[Task statement] Reproduce from the records below, with no pictures, exactly the lines between the one containing "Bridge over the" and the one containing "Black Boho Dress", inclusive.
- - - - - - -
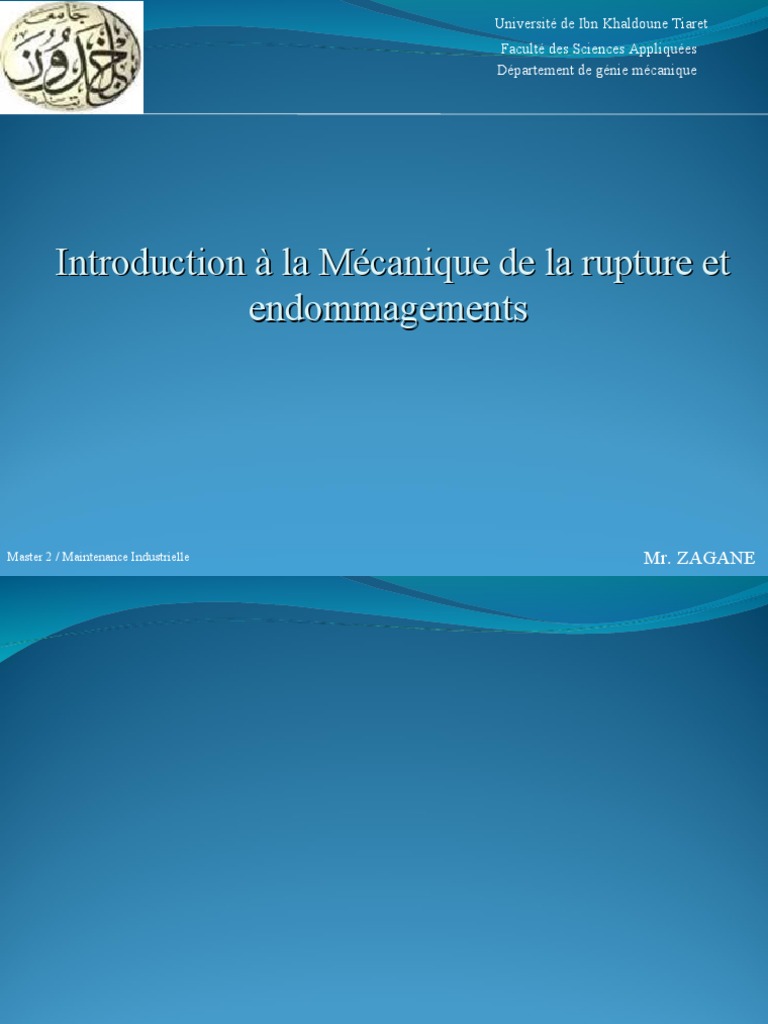 Mécanique de la Rupture et Endommagements | PDF | Mécanique des ...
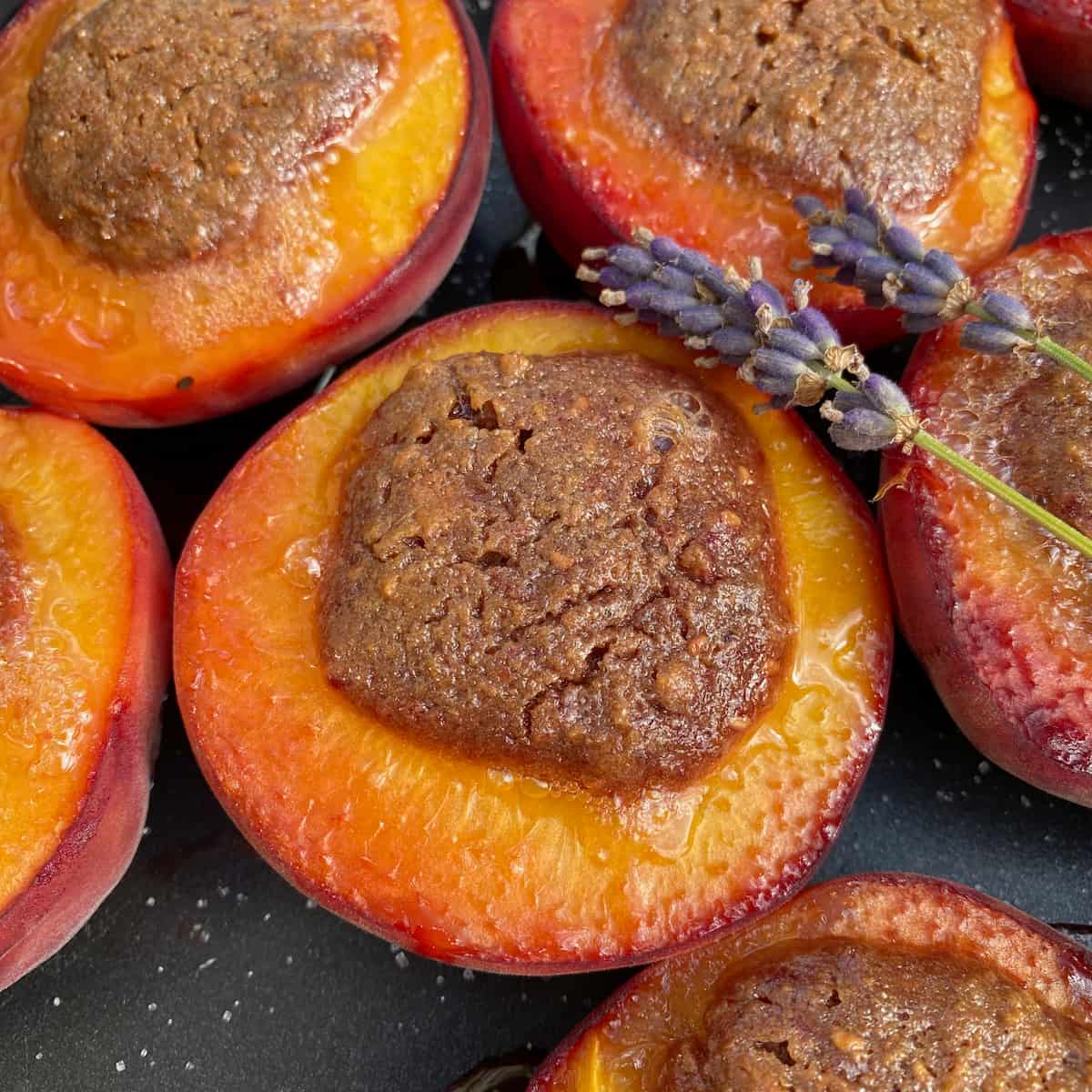peach halves baked in the oven and stuffed with Italian amaretti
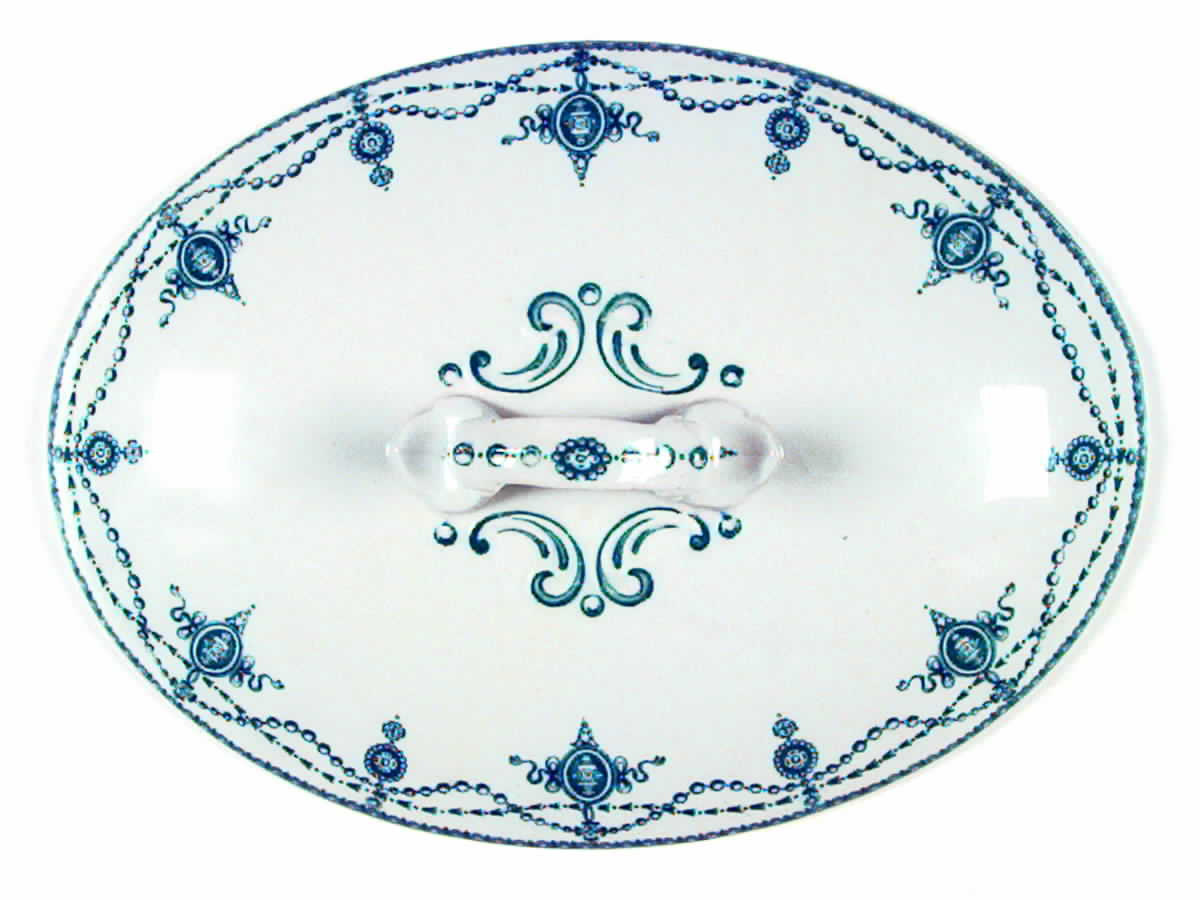 Ludgate Teal Lid for Oval Vegetable by Keeling & Co-1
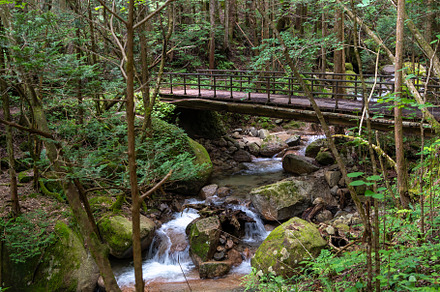 Bridge over the river on Nakasendo trail, Japan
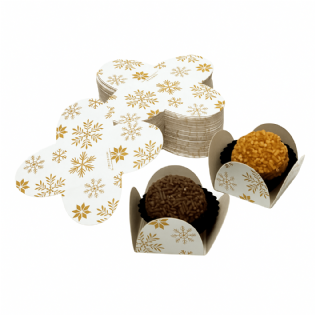 Forminha Para Brigadeiro, Docinhos Flocos Dourados - 100 unidades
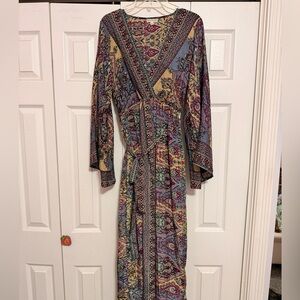 EARTHBOUND Colorful Paisley Long Sleeve Dress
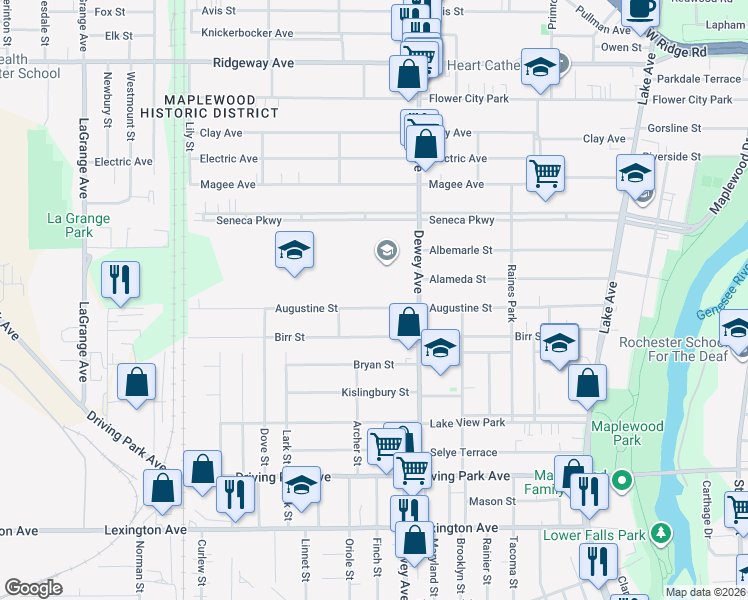 map of restaurants, bars, coffee shops, grocery stores, and more near 374 Augustine Street in Rochester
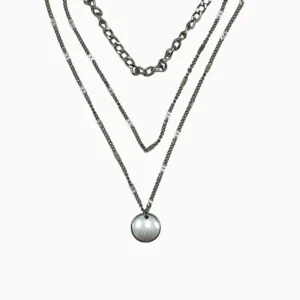 Collar De Plata Triple Dije Plateado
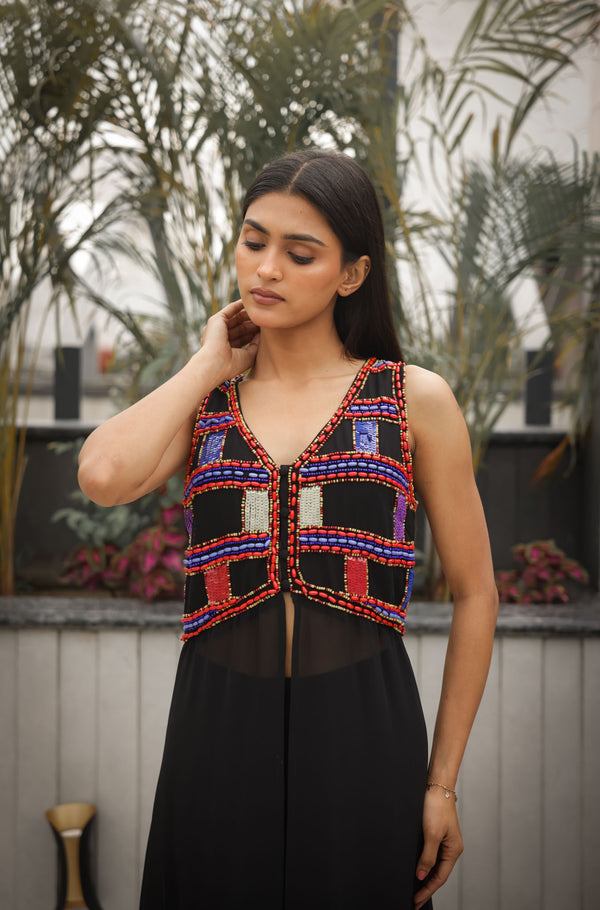Black Boho Dress with Multi-Coloured Hand Beading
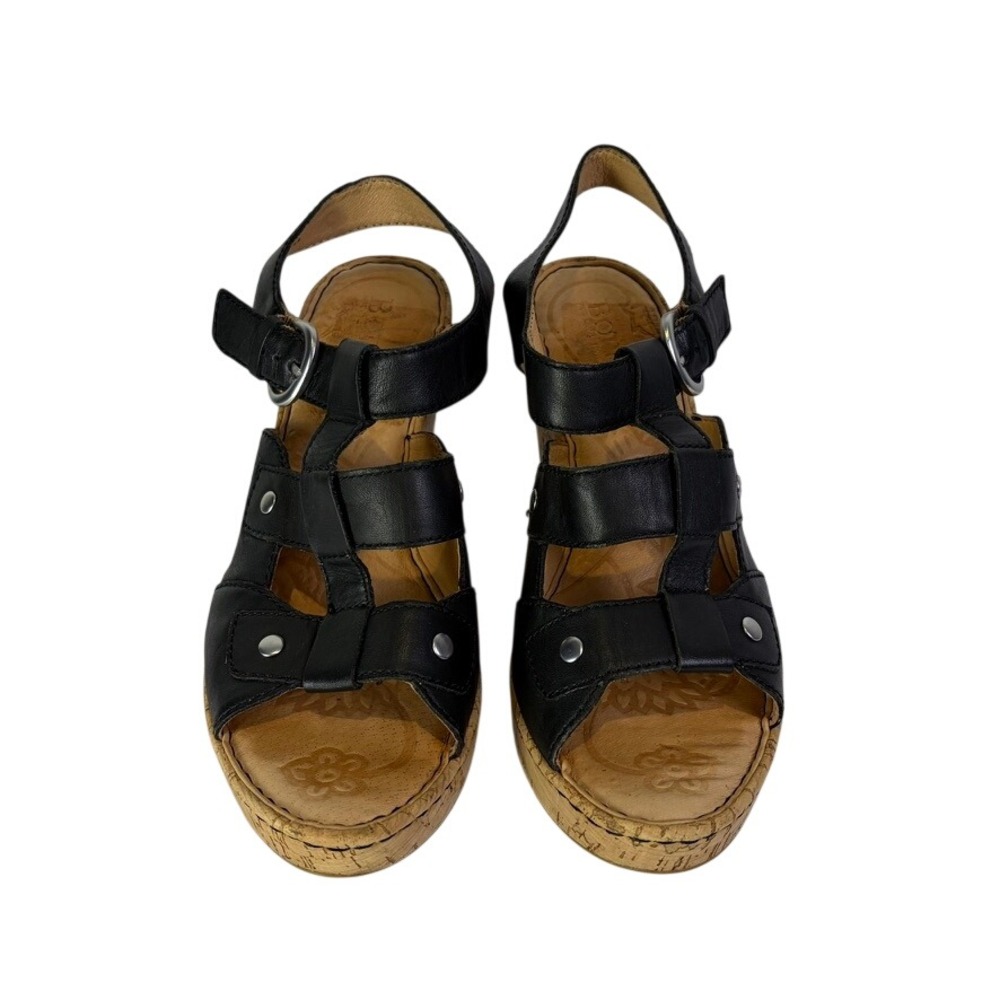 Born Wedge Sandals Women's 9 Black‎ Leather Cork Platform B96303 Studded Buckle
- - - - - - -
[Result]
 Bridge over the river on Nakasendo trail, Japan
 Forminha Para Brigadeiro, Docinhos Flocos Dourados - 100 unidades
 EARTHBOUND Colorful Paisley Long Sleeve Dress
 map of restaurants, bars, coffee shops, grocery stores, and more near 374 Augustine Street in Rochester
 Collar De Plata Triple Dije Plateado
Black Boho Dress with Multi-Coloured Hand Beading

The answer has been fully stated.